【トラック輸送】冷蔵倉庫業界が「トラック予約システム」で商慣習改善?
冷蔵倉庫業界で「トラック予約システム」が注目されている。運送会社から「到着時間」に加え、「運送依頼」情報を事前に入手できれば、冷蔵倉庫側では寄託者からの「出庫依頼」との事前照合や出庫準備を行えるため、トラックの待機時間削減と冷蔵倉庫の作業効率アップの両立が可能だ。「トラック予約システム」の導入を機に、“予約制”と“運送依頼情報の共有”が浸透すれば、「トラックが到着してからしか貨物の出庫準備ができない」という冷蔵倉庫特有の事情の改善が期待できる。
トラックと冷蔵倉庫間の情報連携不足
冷蔵倉庫でのトラックの長時間待機の背景に、トラックと冷蔵倉庫間の情報連携不足がある。貨物の引き取りのトラックの手配は買い手側が行うため、冷蔵倉庫側では「どの会社の、どのトラックが、いつ、何を引き取りに来るか分からない」のが現状だ。
トラックが到着して初めて、冷蔵倉庫側では運送依頼の内容が分かるため、事前の出庫準備ができない。ドライバーが持参する運送依頼と冷蔵倉庫が寄託者から受け取った出庫依頼の中身が一致しないこともあり、出庫作業の遅延を招いている。

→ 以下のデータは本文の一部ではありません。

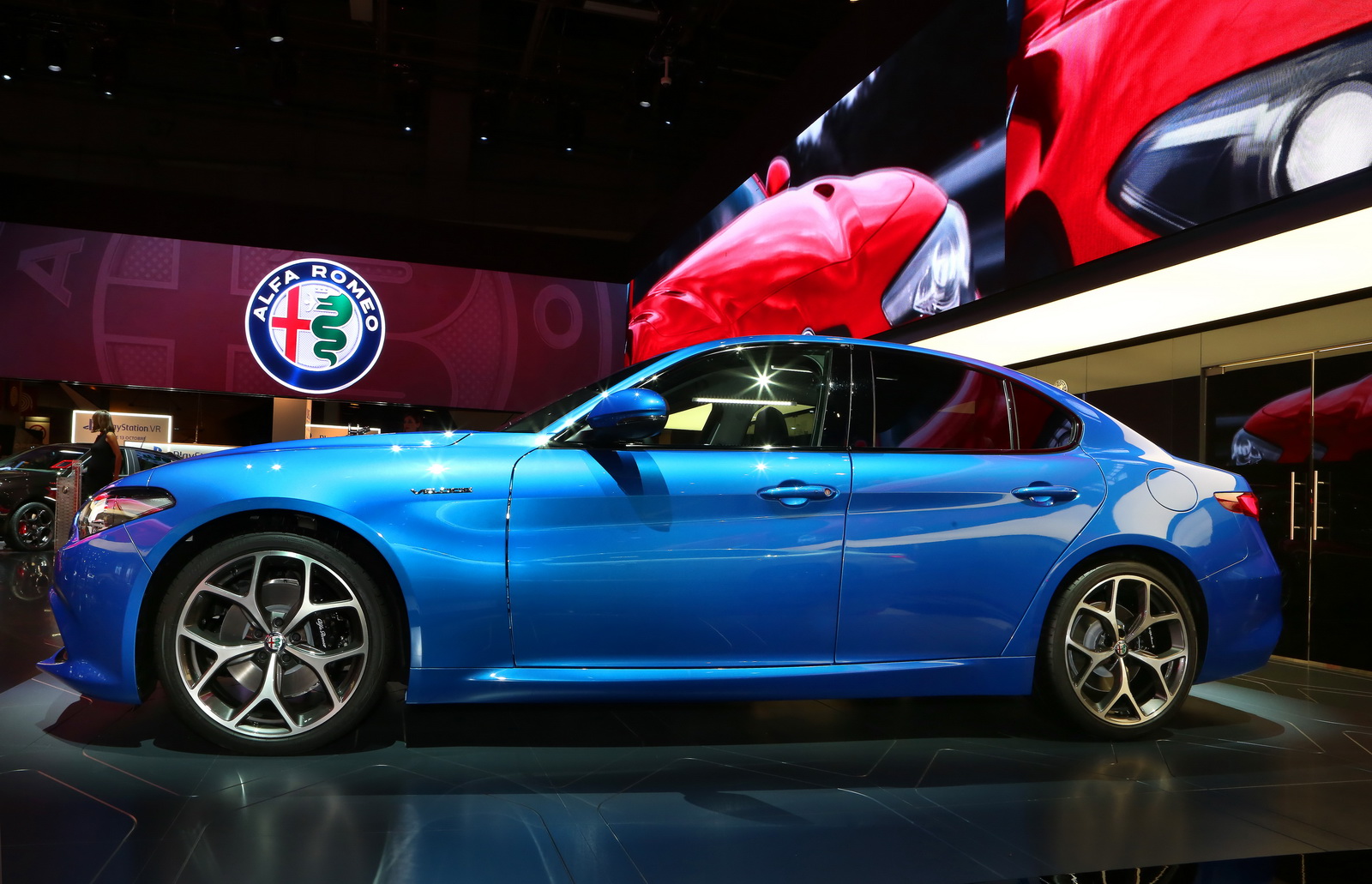 Alfa Romeo’s New 276HP Giulia Veloce Looks Like The Pick ...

日本冷蔵倉庫協会(日冷倉協、大谷邦夫会長)が7月に公表した、待機時間削減に向けての自主行動計画でも、「運送依頼と入出庫依頼の内容の不一致」と「トラックの到着時間情報の不足」を待機を発生させる要因としている。
自主行動計画では、現状では「到着順・並んだ順」になっている受付・作業を「予約順」に変え、トラックが「並ばなくてもよい方法」の導入を提言しており、そのツールとして「トラック予約システム」の活用に関心が高まっている。
冷蔵倉庫の業務特性に合った仕様・要件を
日冷倉協では昨年7月に「物流効率化部会」を発足し、冷蔵倉庫でのトラックの待機時間問題等を検討。冷蔵倉庫としての自主行動計画と各関係先への提言を7月に公表することで当初目的は達成した。
同部会では、「トラック予約システム」について、冷蔵倉庫の業務特性に合った仕様・要件をとりまとめ、システムベンダーに提示するため、9月から活動を再開。1日には、「トラック予約システム」のシステムベンダーを招き説明会を開いた。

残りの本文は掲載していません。